Extended Data Fig. 2 Morphologically distinct astrocyte subtypes localized to different layers of the adult DG.
(a) Confocal images of a hGFAPeGFP brain slice stained only with DAPI (blue) representing an overview of astrocytes subtypes localized to different DG layers; more than 10 experimental animals were analyzed. (b) Heatmap of 3D-reconstructed astrocytes from all DG layers; subtypes are depicted on the right side and marked by color code (as depicted in Fig. 2q, r); morphological parameters depicted below revealed clustering of astrocytes populating the same DG layer. (c-l) Graphs representing the individual morphological parameters used to conduct the PCA. Astrocyte subtypes are indicated below the graphs; red dots represent analysed cells; 8 experimental animals were analysed for morphological analysis. Data are represented as mean ± SEM; one-way ANOVA with Tukey post hoc tests were performed to determine significance; no adjustments were made for multiple comparison; in case of significance, p-values are indicated in the graphs. Scale bars = 20 µm.

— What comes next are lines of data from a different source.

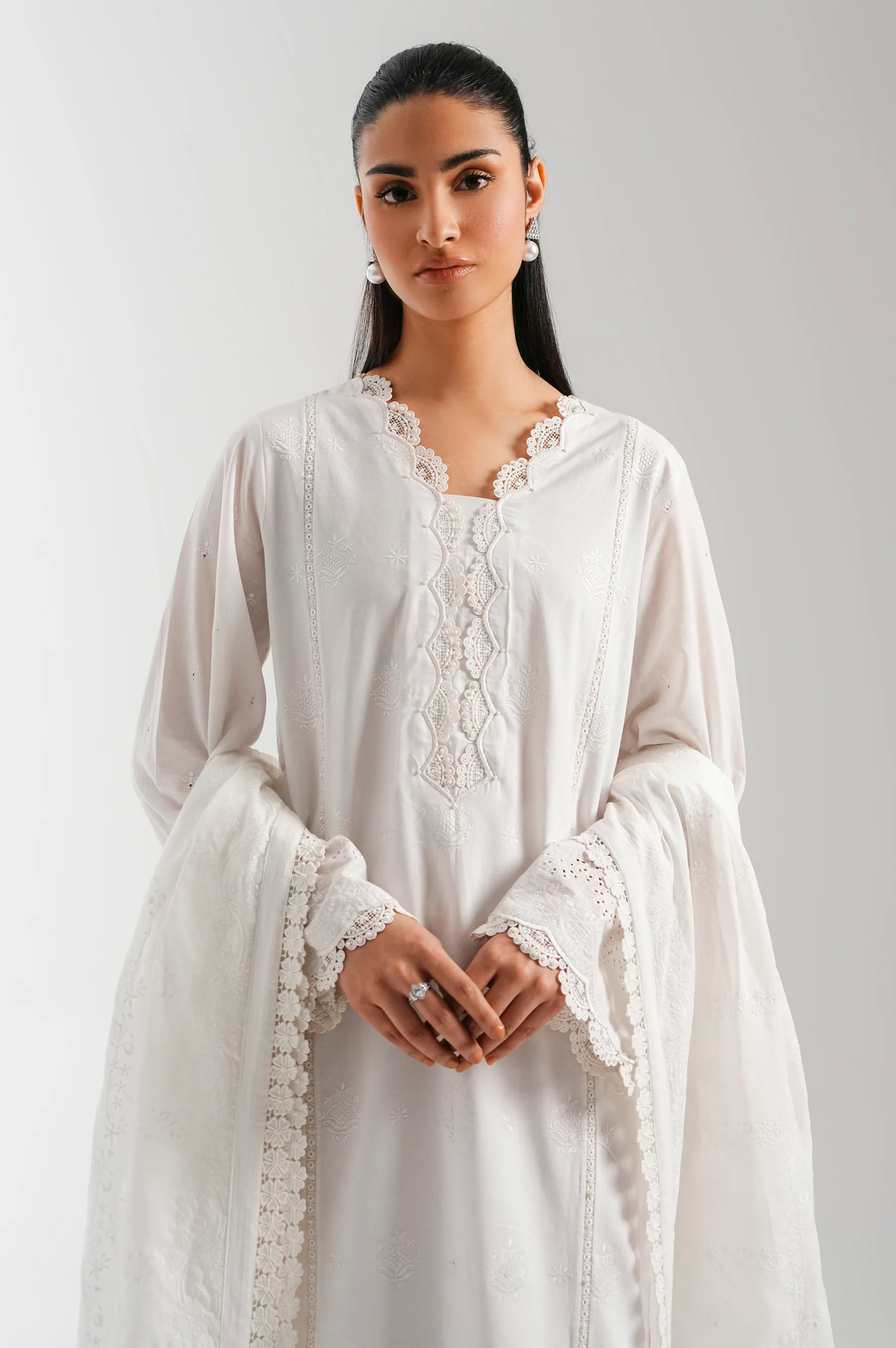 UNSTITCHED EMBROIDERED SUIT - Image 5
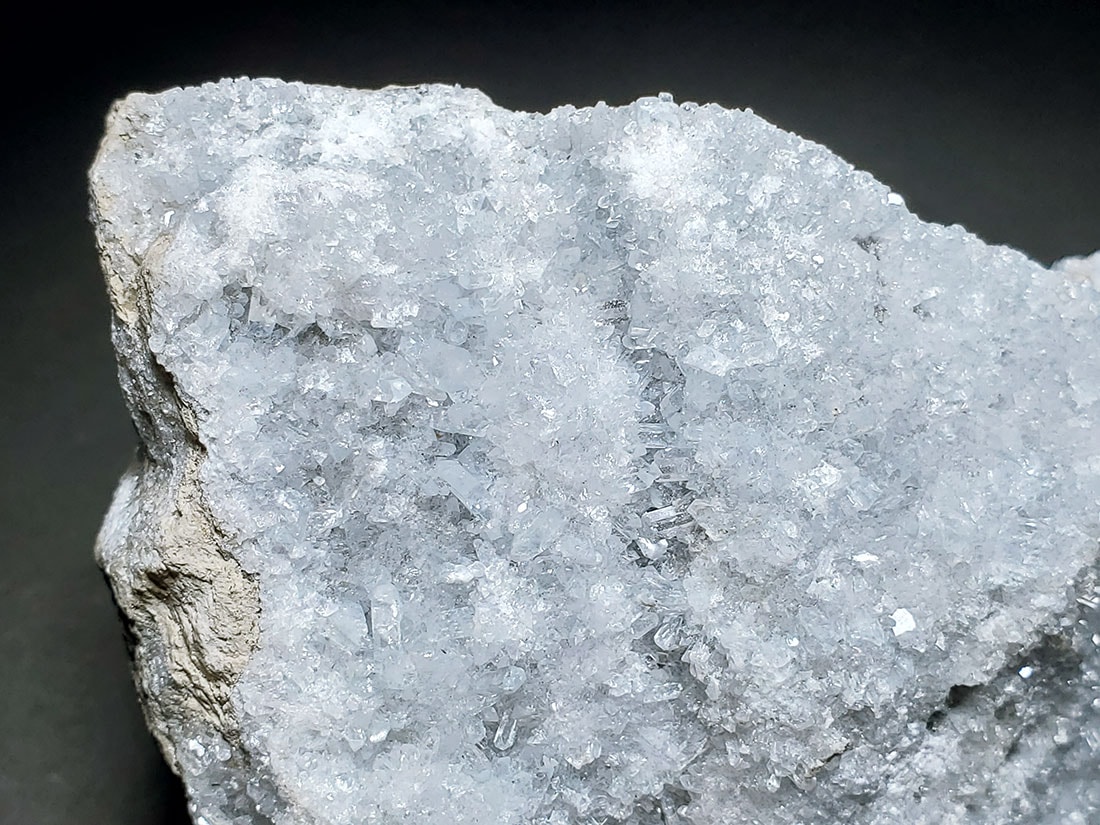 ミシガン州産 セレスタイトwithカルサイト(蛍光)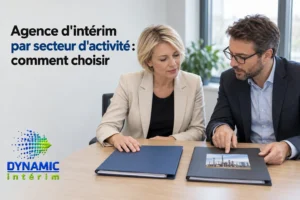 Deux professionnels assis à une table examinent des documents bleus lors d’une réunion.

Extended Data Fig. 3 Astrocyte subtypes were embedded in a layer-specific cellular environment and displayed subtype-specific gap junction-coupling.
(a) Quantification of astrocytes associated to different DG layers. (b, c) Immunostaining and quantification of IBA+ microglia (red) per DG compartment; DAPI (blue) (d, e) Immunostaining and quantification of PDGFRα+ (red) per DG compartment. 3–6 experimental animals were analyzed and are indicated as red dots representing biological replicates. (f) Schematic representation of Alexa Fluor 594 dye-injections into astrocytes in acute hippocampal slices. (g-j) Two-photon excitation images of astrocyte subtypes from hGFAPeGFP mice. Brightfield images in the upper row show localisation of dye-injected astrocyte subtypes within the adult DG; lower row depicts Alexa Fluor 594 diffusion to gap junction-coupled cells; astrocyte subtypes as indicated. (j) Cellular layers were identified using infrared image channel using DIC (left panel), and astrocytes were classified according to their location to an identified layer. Dye-coupled astrocytes were identified using two-photon excitation imaging of AlexaFluor 594 diffusing from the patched cell (right panel; green line represents SGZ). (k) Representative analysis of a single experiment. A set of dye-coupled cells (dots) and a monoexponential fit (I(d) = 100 % * exp(−d/Cλ), where I is the somatic fluorescence intensity, d is the three-dimensional distance to the patched cell, and Cλ the coupling length constant34. (I) Residuals of this representative example (k) of a monoexponential fit of dye-coupled cells. (m) Residual values of all monoexponential fits for dye-loaded hilus astrocytes (n = 7 patched astrocytes); total of 61 coupled cells (58 hilus astrocytes in red and 3 SGZ astrocytes in blue). Boxed area: same residuals to visualize their spread around zero. (n) Residual values of monoexponential fits for dye-loaded SGZ astrocytes (n = 8 patched astrocytes); total of 46 coupled cell (17 hilus astrocytes in red and 29 SGZ astrocytes in blue). Boxed area: same residuals to visualize their spread around zero. (o) Residual values of monoexponential fits for dialysed ML astrocytes (n = 5 patched astrocytes); total of 50 coupled cells (40 ML astrocytes in green and 10 SGZ/hilar astrocyte in red). Boxed area: same residuals to visualize their spread around zero. Data are represented as mean ± SEM. One-way ANOVA plus Tukey post-hoc tests were performed to determine statistical significance; no adjustments were made for multiple comparison; p-values are indicated in the graphs. Scale bares = 20 µm (b, d), and 50 µm (g-j).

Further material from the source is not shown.